John Milligan and his wife created the "Olke C. Uhlenbeck Endowed Graduate Fund" which funds the tuition of first-year graduate students pursuing their doctorate degrees at the University of Colorado, Boulder. It was named after Uhlenbeck because of the impact he made on the biochemistry department at Colorado.

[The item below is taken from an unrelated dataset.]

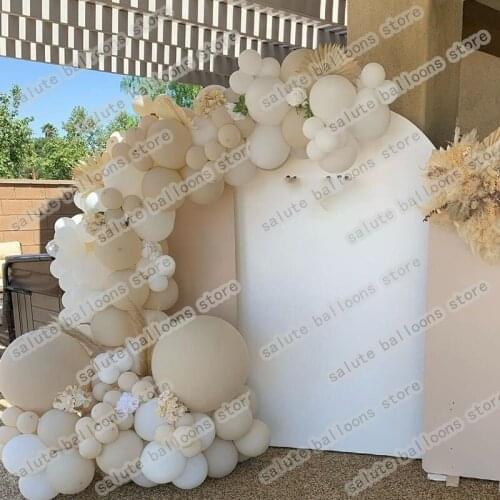 102PCS Sand White Garland Weddingdecoration Balloon Arch Birthday Showershower Birthday Decoration Grand Event St PatricksDay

In 2013, Uhlenbeck was awarded the Fritz Lipmann Lectureship, which is given to someone who has made substantial and influential advancements in biochemistry. He was awarded this due to his research on RNA biochemistry. The award includes a $3,000 prize and funding to present at the Experimental Biology conference in Boston.

==Personal life==
Uhlenbeck's father was theoretical physicist George Uhlenbeck. He was married to Karen Uhlenbeck between 1965 and 1976. John F. Milligan, a colleague of Uhlenbeck's, said that he appreciated the conversations they had as he developed into a scientist. He also said that Uhlenbeck taught him how to be a leader by showing him what it meant to be engaged in research and how to be intellectually curious. This was said by Milligan after his time working in the Uhlenbeck lab at the CU Boulder.